Matthew 8:23 – 27(the message): Then he got into the boat his disciples with him. The next thing they knew they were in a severe storm. Waves were crashing into the boat and He was sound asleep! They roused Him, pleading, “Master please save us! We’re going down!” Jesus reprimanded them. “Why are you such cowards, such faint hearts?” Then he stood up told the wind to be silent, the sea to quiet down: “Silence!” The sea became smooth as glass. The men rubbed their eyes, astonished. “What’s going on here? Wind and sea come to heal at His command.
I know there are a lot of us that struggle with faith, and find it hard to believe in something we cannot see. The verse above is very powerful; I mean Jesus literally calmed the storm. Even though Jesus had performed many miracles, his disciples still were “Faithless”, and when he calmed the storm they were “dumbfounded.”
Let’s take a look at more scriptures on the topic of calming the storm:
Luke 8:22 – 25(The Message): One day he and his disciples got in a boat. “Let’s cross the lake,” he said. And off they went. It was smooth sailing and he fell asleep. A terrific storm came up suddenly on the lake. Water poured in and they were about to capsize.
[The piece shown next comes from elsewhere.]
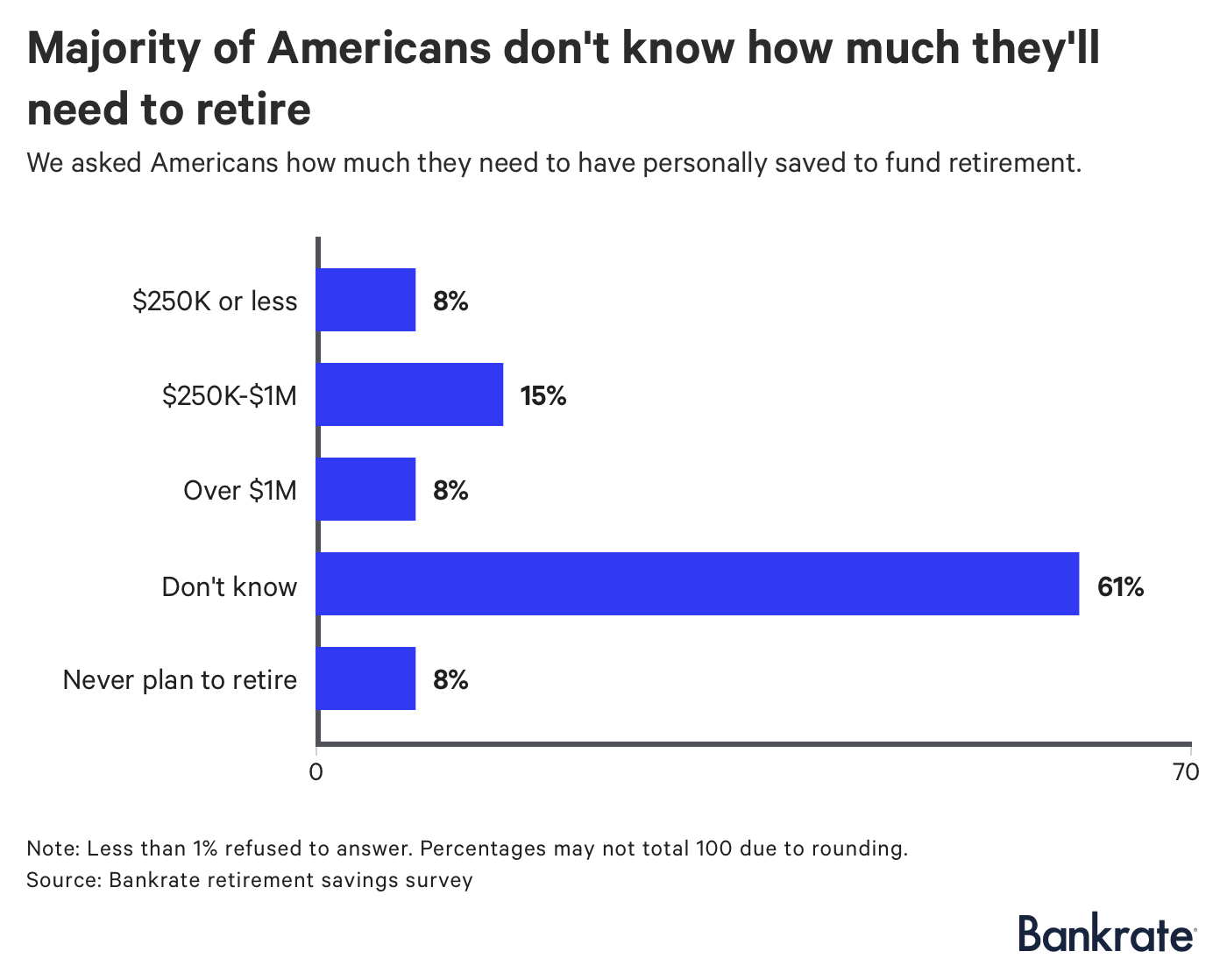 Chart: Majority of Americans don't know how much they'll need to retire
They woke Jesus: Master, Master we are going to drown!” Getting to his feet he told the wind. “Silence!” and the waves “Quiet down!” They did I,t the lake became smooth as glass. Then he said to his disciples, “WHY CANT YOU TRUST ME?” They were in absolute awe, staggered and stammering. Who is this anyway? He calls out to the wind and the sea, and they DO WHAT HE TELLS THEM!”
The way I see it the bible has been around for MANY, MANY years, my view on it is that it is probably the world’s number 1 best seller, why else would this book still be on the shelves of so many bookstores?? So what does this tell me?? That there MUST be truth to this book so why not use it in our everyday lives, I found an acronym the other day for the life of me I cannot remember where I found it possibly on one of the blogs I follow or perhaps on the ever so resourceful Google.
BIBLE – Basic Instruction Before Leaving Earth – BIBLE now if you look at it that way how can we go wrong if we use the bible as our rule book, as our instruction manual. If you believe in your heart that Jesus can calm your storm then HE CAN, but you have TO BELIEVE.
Hebrews 11:1 now Faith IS being sure of what we hope for and CERTAIN of what we DO NOT SEE.
This I think is my ALL time favourite Faith scripture, in fact I wear an arm band with that scripture and ever since I bought it, it has not come off my arm. I cannot see Jesus, well not physically anyway, I can definitely FEEL him though, and I can see him working in my life and in the lives of others. So I know and have the Faith that he can CALM MY STORM and he can calm yours too.
Matthew 9:18 – 27(The Message): As he finished saying this a Local official appeared, bowed politely and said, “My daughter has just now died, if you come and touch her, she will live.” Jesus got up and went with him, his disciples following along.
Just then a woman who had haemorrhaged for 12 YEARS slipped in from behind and lightly touched His robe. She was thinking to herself, “If I can just put a finger on his robe, I’ll get well.” Jesus turned – caught her at it. The He reassured her; “Courage daughter. You took a risk of FAITH and now you’re well.” The woman was well from there on.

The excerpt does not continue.